It could be called the 'bus syndrome': you're waiting for a job offer from an investment bank and all of a sudden three come along at once. What do you do?
If job offers were buses, it would be tempting to go for the first one and hope for a seat. But job offers are not buses; mismanaging the decision-making process could take you way off track in your career.
Any Offer Would be Fine by Me
First things first. If you spent days filling in application forms, and have no offers to show for it, the notion that some people have several may seem implausible. Unfortunately for those who think so, it's true.
'We're all targeting the same top students,' says Kristina Peters, head of graduate recruiting at Deutsche Bank in New York. 'At business schools like Harvard and Wharton it's not unusual for students to have four or five different offers.'
Connie Thanasoulis, a director in Merrill Lynch corporate campus recruiting, says the best candidates are heavily pursued: 'This is the most competitive hiring year in almost five years. Top undergraduates and graduate students used to have an average of one or two offers each. That's gone up to three or four, with exceptional candidates having seven or eight offers from different banks.'
If you're a member of the three or four or seven or eight clubs, it may seem tempting to delay as long as possible. Such behavior is not unheard of. 'Some students take pride in collecting offers,' says Peters at Deutsche. 'They're like a badge of honor.'
But hoarding will do you no favors with your offer-less peers, who might benefit if you gave some up. 'In the interests of their classmates, we strongly encourage students to make their choices and move on,' says Julie Morton, associate dean of MBA career services at Chicago Business School.
At schools like Wharton, students are forbidden more than four offers at once.
Delay too long and offers will go bang beneath your feet. 'All students will be given an exploding date by which to make a decision,' says Brian Hood, head of graduate recruitment at Citigroup in London, 'After that, an offer will no longer be valid.'
Schools typically demand banks give their students a few weeks to make decisions. 'We make it clear rapidly exploding offers are unacceptable,' says Morton. 'Otherwise, banks would be asking students to sign up at the end of interviews.'
Upfront and Honest, or Evasive and Duplicitous?
If you're juggling multiple job offers, should you tell the banks pursuing you? There are clear advantages to doing so: realising you're a hot catch, banks might throw you some additional incentives to make up your mind. On the other hand, the avalanche of enticements could leave you feeling more confused than ever.

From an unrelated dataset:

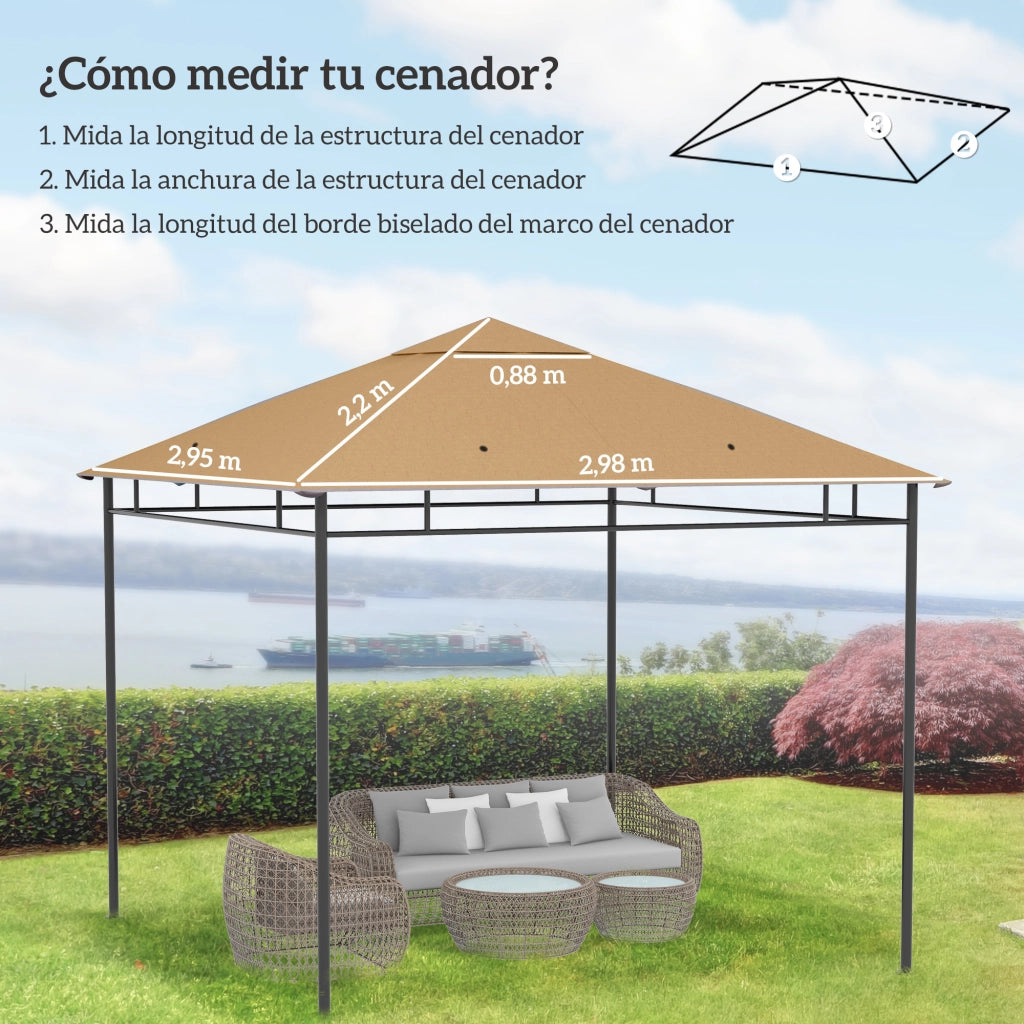 Copertura per gazebo 300x300 cm ¨C Minimal ¨C beige con fori di drenaggio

The best advice: tell the top banks on your list, and leave the rest in the dark.
Banks would prefer you tell them everything. 'We need to get as intimate as possible with candidates,' says Thanasoulis at Merrill. 'It helps if we can get information about who else has offered them a position, and how that influences their significant other. The more we know, the more likely we can get a candidate what they want.'
Extensions and Flexibility
If a bank knows you have several offers and are in dilemma about which to choose, it may make allowances for you.
An equity capital markets banker at Dresdner Kleinwort Wasserstein in London received four banking job offers last year at HEC, the French business school. He says the banks tried not to pressure him and gave him over a month to decide: 'At the end of the day, there isn't much they can do about it,' he says. 'The standard line is 'We understand.'
A graduate from Essec, a rival French school, said some of the banks he applied to were willing to speed up their application process when he said he had offers from rivals: 'It never hurts to tell them what's going on.'
When banks know what's going on, they can be very persuasive. They typically invite candidates to meet their potential colleagues, and assign buddies (preferably an alum from the same school) to make frequent contact and steer candidates in their direction.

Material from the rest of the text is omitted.